WORK ORDER: Pick out all lines in the listing holding the string "Gray" and copy them.

DATA SECTION:

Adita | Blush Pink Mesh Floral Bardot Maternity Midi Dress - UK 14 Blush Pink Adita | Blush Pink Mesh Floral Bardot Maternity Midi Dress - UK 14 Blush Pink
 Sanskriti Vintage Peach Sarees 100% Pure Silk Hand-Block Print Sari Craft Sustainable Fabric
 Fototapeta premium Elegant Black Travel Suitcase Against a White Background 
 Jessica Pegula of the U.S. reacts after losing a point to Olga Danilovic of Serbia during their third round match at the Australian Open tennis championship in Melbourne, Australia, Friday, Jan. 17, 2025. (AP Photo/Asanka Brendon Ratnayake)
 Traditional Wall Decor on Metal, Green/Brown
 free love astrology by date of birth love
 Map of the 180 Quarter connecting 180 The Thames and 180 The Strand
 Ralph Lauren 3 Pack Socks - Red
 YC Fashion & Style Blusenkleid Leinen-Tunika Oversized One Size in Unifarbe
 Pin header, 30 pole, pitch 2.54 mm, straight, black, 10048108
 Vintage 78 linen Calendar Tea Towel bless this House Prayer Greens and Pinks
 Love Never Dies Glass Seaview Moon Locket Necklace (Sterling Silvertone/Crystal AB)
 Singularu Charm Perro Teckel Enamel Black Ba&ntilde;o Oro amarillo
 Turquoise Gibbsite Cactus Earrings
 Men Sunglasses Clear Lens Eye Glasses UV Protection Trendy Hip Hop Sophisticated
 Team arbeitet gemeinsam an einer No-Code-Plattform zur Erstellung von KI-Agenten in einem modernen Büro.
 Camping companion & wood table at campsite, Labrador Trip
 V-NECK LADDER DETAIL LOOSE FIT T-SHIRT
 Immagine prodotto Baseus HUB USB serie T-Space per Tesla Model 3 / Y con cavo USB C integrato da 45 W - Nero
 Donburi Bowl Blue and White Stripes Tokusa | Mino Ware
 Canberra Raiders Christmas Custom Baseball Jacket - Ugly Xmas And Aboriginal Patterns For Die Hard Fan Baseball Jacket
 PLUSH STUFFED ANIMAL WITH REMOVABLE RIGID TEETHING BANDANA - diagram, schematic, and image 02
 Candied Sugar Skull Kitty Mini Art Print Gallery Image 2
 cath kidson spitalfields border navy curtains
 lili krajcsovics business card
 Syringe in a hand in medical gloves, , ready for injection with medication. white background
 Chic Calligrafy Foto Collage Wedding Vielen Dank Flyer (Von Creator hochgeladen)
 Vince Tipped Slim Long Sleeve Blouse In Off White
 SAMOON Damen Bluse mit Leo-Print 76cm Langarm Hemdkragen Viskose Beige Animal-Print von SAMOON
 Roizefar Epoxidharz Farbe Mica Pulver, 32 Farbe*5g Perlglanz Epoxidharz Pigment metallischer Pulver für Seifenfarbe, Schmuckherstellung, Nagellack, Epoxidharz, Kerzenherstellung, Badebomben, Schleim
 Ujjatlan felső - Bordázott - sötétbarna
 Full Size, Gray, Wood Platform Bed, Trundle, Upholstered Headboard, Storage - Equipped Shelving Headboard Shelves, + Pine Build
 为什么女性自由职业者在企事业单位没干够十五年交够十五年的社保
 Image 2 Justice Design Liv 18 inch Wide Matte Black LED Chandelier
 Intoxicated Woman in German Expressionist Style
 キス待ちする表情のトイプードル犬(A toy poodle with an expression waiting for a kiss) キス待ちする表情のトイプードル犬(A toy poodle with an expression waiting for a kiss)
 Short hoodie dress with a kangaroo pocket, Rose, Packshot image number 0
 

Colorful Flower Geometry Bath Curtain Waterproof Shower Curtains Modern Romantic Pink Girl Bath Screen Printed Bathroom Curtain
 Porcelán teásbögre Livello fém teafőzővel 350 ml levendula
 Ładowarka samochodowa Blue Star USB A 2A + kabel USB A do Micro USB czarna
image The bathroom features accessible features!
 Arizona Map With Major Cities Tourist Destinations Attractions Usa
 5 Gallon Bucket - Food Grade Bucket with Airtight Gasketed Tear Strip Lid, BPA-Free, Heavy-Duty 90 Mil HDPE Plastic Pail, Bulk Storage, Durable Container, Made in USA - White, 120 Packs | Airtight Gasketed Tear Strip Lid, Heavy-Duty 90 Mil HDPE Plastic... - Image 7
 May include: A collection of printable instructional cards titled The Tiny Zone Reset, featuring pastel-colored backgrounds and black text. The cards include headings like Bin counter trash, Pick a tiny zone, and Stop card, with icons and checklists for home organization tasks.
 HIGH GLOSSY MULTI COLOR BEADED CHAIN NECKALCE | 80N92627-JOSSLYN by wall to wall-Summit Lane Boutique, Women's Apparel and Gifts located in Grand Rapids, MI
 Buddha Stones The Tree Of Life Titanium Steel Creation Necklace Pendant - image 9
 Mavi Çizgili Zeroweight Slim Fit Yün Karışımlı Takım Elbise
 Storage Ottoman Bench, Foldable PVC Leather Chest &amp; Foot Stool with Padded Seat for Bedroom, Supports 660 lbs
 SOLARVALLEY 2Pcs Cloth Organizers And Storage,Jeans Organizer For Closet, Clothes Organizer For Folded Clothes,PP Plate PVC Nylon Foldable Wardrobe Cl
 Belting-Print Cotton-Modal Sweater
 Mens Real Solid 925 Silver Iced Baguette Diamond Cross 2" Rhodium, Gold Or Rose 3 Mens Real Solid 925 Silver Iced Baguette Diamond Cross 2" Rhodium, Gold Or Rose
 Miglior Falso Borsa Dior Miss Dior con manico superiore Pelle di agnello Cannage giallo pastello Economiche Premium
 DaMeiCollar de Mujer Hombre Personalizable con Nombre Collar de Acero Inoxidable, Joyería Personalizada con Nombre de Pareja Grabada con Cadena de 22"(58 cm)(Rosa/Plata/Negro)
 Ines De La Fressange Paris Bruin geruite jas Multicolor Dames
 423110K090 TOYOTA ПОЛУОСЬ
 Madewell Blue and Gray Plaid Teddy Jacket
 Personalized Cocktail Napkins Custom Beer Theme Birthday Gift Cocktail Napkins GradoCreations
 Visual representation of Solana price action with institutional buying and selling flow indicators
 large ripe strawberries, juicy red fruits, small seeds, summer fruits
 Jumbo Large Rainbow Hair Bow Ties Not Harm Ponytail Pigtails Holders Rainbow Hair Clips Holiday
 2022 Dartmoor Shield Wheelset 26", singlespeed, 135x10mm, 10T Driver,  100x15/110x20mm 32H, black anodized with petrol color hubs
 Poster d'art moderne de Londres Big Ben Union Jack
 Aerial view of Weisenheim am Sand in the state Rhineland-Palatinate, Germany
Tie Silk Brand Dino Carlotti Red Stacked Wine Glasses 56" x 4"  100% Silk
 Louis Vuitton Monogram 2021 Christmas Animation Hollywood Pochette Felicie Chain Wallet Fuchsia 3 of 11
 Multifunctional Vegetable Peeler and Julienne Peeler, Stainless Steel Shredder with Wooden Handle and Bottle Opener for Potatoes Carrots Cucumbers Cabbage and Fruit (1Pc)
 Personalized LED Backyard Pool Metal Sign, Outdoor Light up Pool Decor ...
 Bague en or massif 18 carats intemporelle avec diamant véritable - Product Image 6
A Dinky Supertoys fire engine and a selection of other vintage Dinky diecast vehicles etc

SOLUTION FOR THIS EXERCISE:
 Full Size, Gray, Wood Platform Bed, Trundle, Upholstered Headboard, Storage - Equipped Shelving Headboard Shelves, + Pine Build
 Madewell Blue and Gray Plaid Teddy Jacket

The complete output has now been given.